For me, these stories unfold in mystical, mysterious ways—like breadcrumbs being left on a dark forest trail. I was in a church in a small town called Uyama. The paintings on the church ceiling were so whimsical—stars, suns, moons—all so very childlike and done in bright reds, yellows and blues. The reason I was there was because I dove down the wrong road several times and decided it must be a bread crumb, so I followed it. I stood gazing at the very unusual images knowing there was something important about them but having no idea what.
Months later, I came across a list of copies of the Chilam Balam. Each is named after the town (pueblo) it was found in. I was so surprised when I found an original had been discovered in Kaua, the cute little town we visit so often, so I googled it and found photographed images I could view online. Imagine how stunned I was to see the same type of whimsical childlike sun moon and stars painting in the manuscript as I did on the ceiling of that church!
A little more digging turned up the fact that the little village where the manuscript was found use to be PART of Uyama where the church is. Years ago, the town divided and is now 2 distinct villages.

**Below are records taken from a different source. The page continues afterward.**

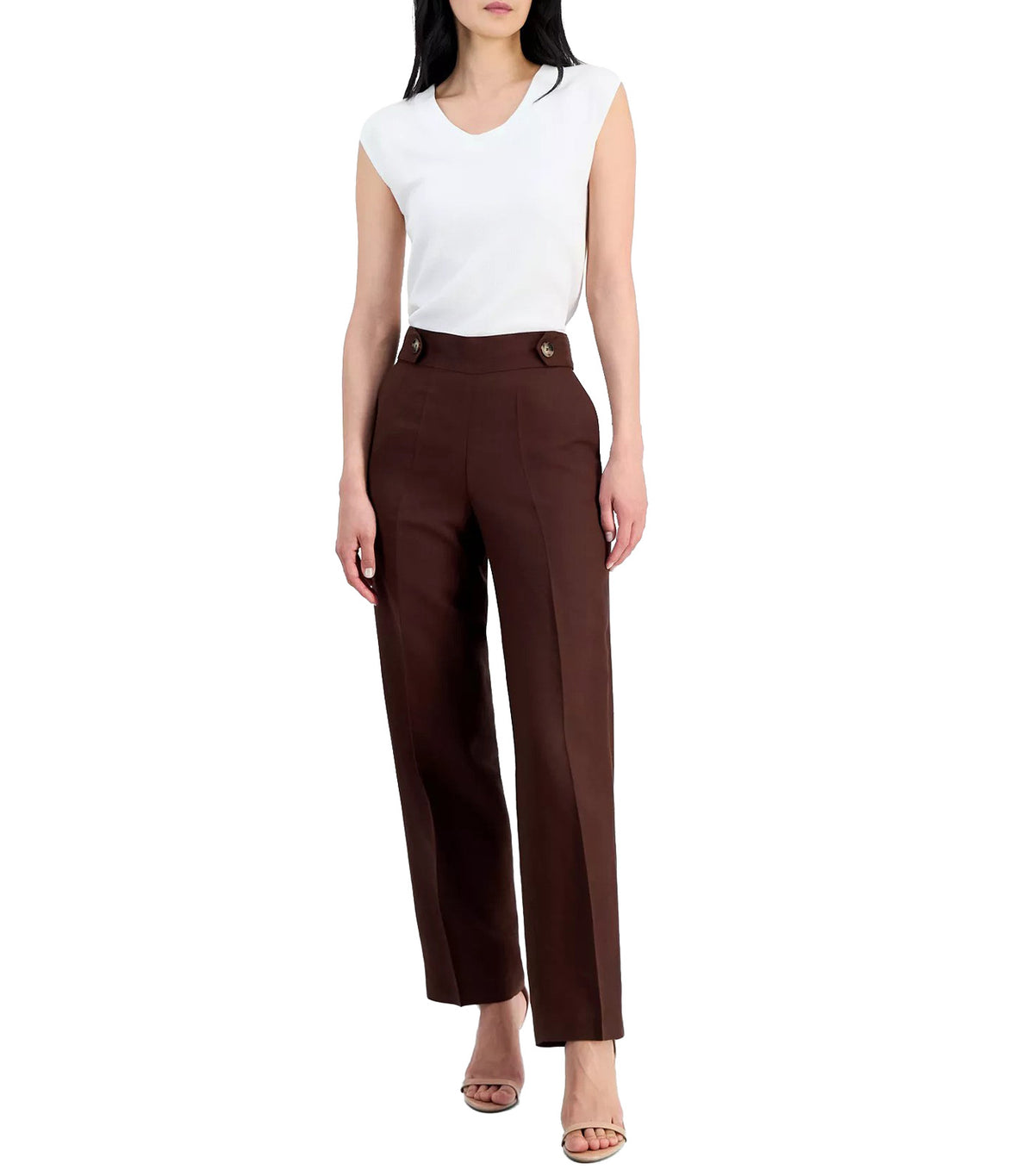 Linen-Blend Pull On Wide-Leg Pants Dark Brown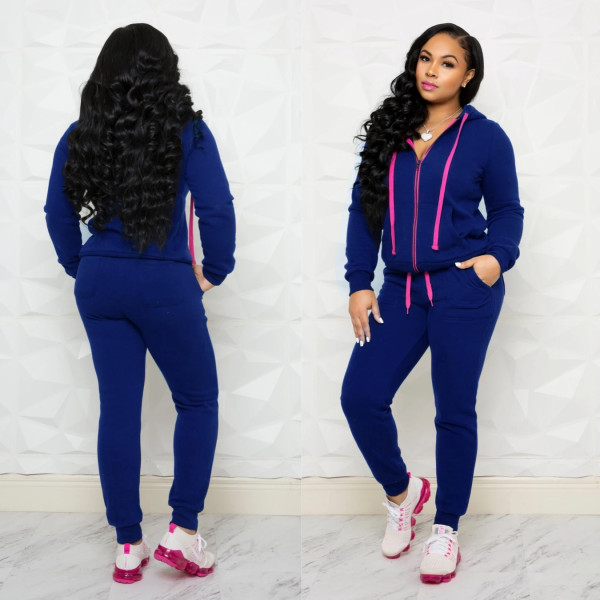 Casual Hooded Long Sleeve Plush Two Piece Suits NK-8563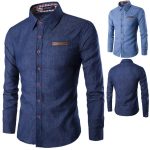 Men's Cotton Denim Casual Shirt with Plaid Cuffs - Image 5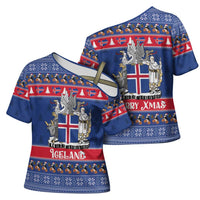 Iceland Christmas Cross Shoulder Shirt Coat Of Arms Christmas Pattern - Wonder Print Shop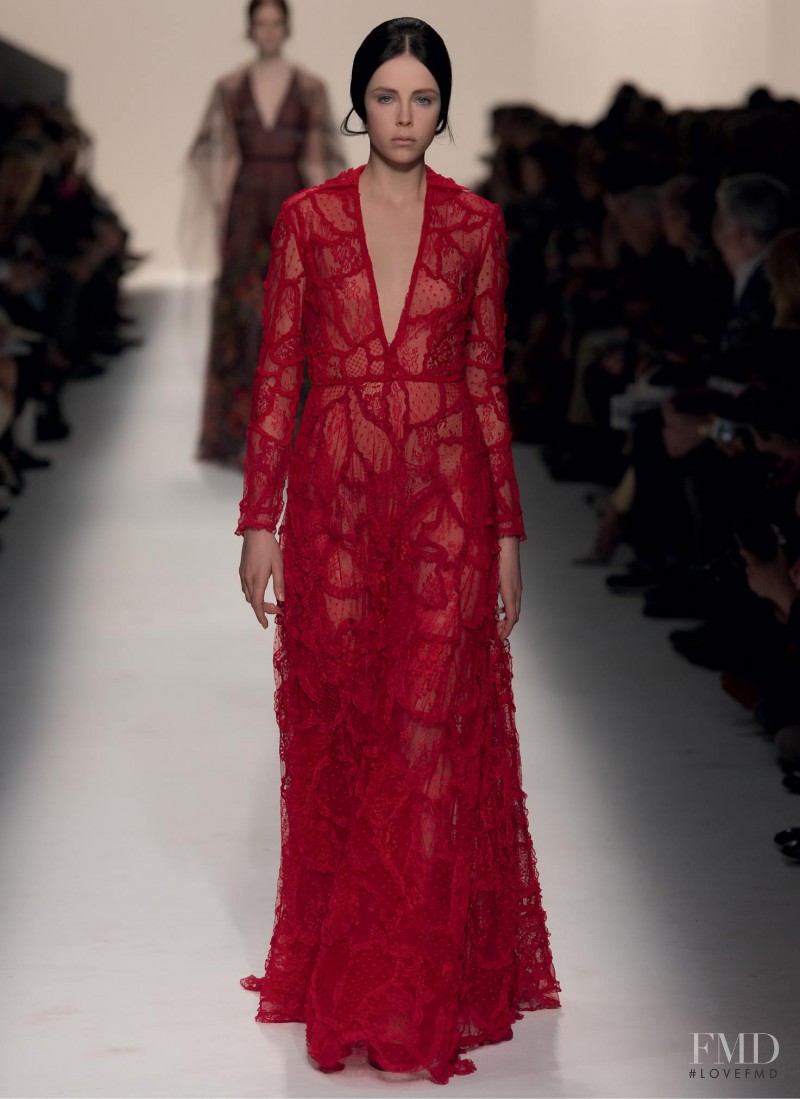 Edie Campbell featured in  the Valentino fashion show for Autumn/Winter 2014
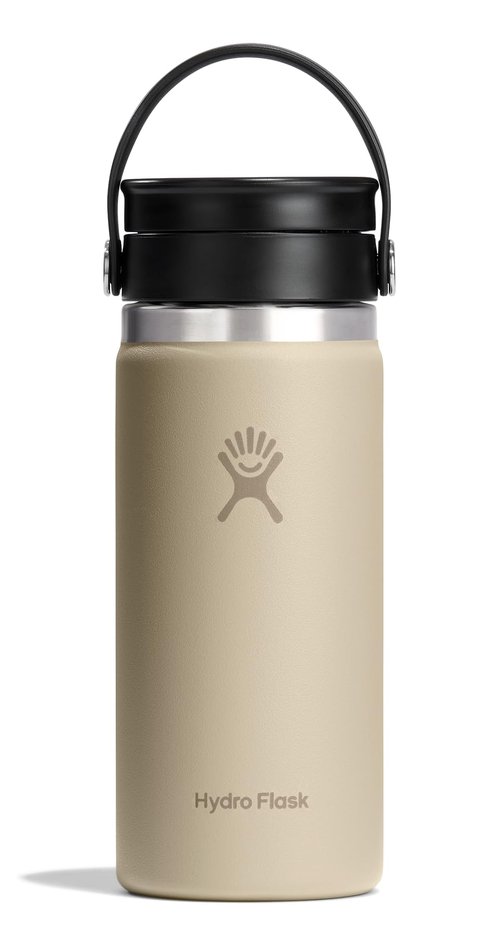 Hydro Flask Flex Sip Coffee Tumbler – Insulated Stainless Steel, Non Spill, Leak Proof Travel Coffee Cup 16 Oz Oat Tan
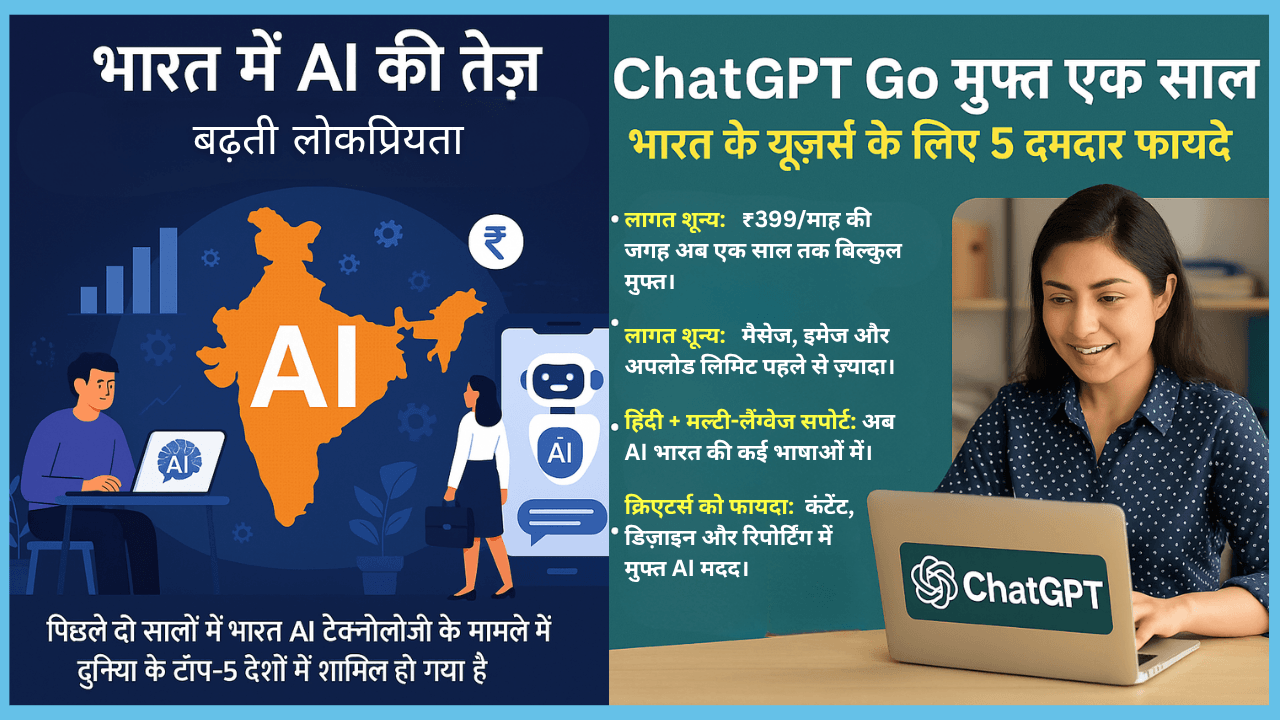 ChatGPT Go free for one year-ChatGPT Go क्या है और इसके 5 शानदार फायदे – Laptop और Smartphone पर ChatGPT Go का इंटरफ़ेस दिखाता हुआ डिजिटल इन्फोग्राफिक, India users के लिए मुफ्त AI subs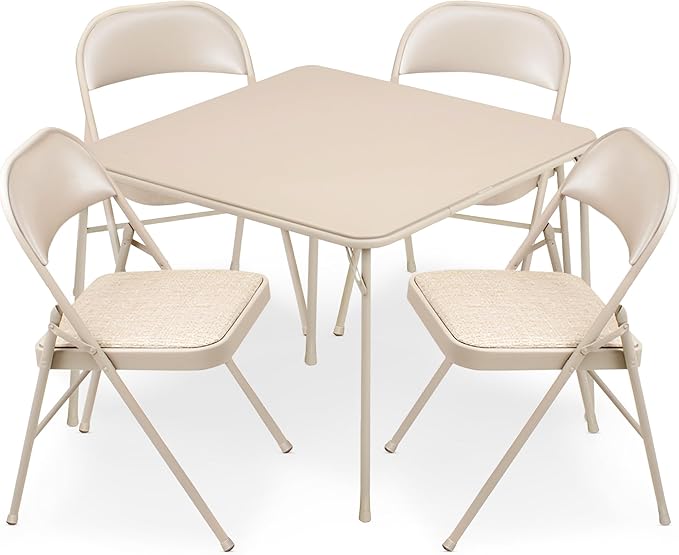 MECO Sudden Comfort 5 Piece 34 x 34 Inch Square Folding Dining Card Table with 4 Padded Folding Chairs Furniture Set for Gatherings and Games, Tan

So odd… I had been looking at the painting on a ceiling that I would eventually such similar paintings on the delicate pages of a very old book! (on-line of course)
Not long after, I was in Kaua, where the book was originally found, talking to a new friend who is both local and of Maya descent. I don’t even remember what the conversation was about, but almost out of the blue he informed me that his grandfather had a very, very, VERY old book in his house. Of course, his grandfather had long since passed away and this man had no idea what happened to the old book.
Now keep in mind that these homes are usually built at least partly of sticks, maybe some cement, and either a palm or tin roof (not exactly a good place to store ancient manuscripts). The new friend told me he would ask his uncle who now lived in the house if the old book had been thrown away…thrown away!!!!???
Time went by. No news. That usually means that nothing was found. Here, rather than call to tell you less than happy news, people will just avoid the question.
I put it in the back of my mind and turned my attention to seeing what else I might learn about this sacred book. So I printed out the pages that were online so that I might take a closer look at them. I was able to read a bit of the Spanish, but most of it was in Mayan, so I decided to take them to Francisco, our good friend/shaman who lives in the same village. Maybe he would be able to read the script or maybe someone he knew would be able to.
He was interested in the copies I brought him, but not as interested as I thought he would be. He called his daughter over to have a look since she is well verse in reading Mayan and she was able to read some of what was still legible. But in the discussion, they wanted to know why I only had part of the book.
I explained that archeologists had only been able to find part of it and the rest was missing.
This was incorrect according to Francisco who is an important member of his community and whose family has lived there for generations. He said the entire book was in the local library!!!!
First, I didn’t know they even had a library. Second, was he sure we were talking about the same thing?
This is one of those stories that you will have to wait to find out what happens next (sorry)! We just didn’t have time to go to the library that day. We were already running late and it looked like a storm was coming in. The continued exploration would have to wait.
I know for sure we are going back in late September, perhaps we will go sooner. I will try to get to the library and see what I can find. (sometimes these things are much harder to accomplish than you might imagine!)
Now imagine this: The book is indeed there, in its entirety, restored to its original location. There in full color and able to be preserved and read by the people whose great, great-grandparents wrote it. What secrets might it hold? What prophecies? What healing incantations and what herbal remedies?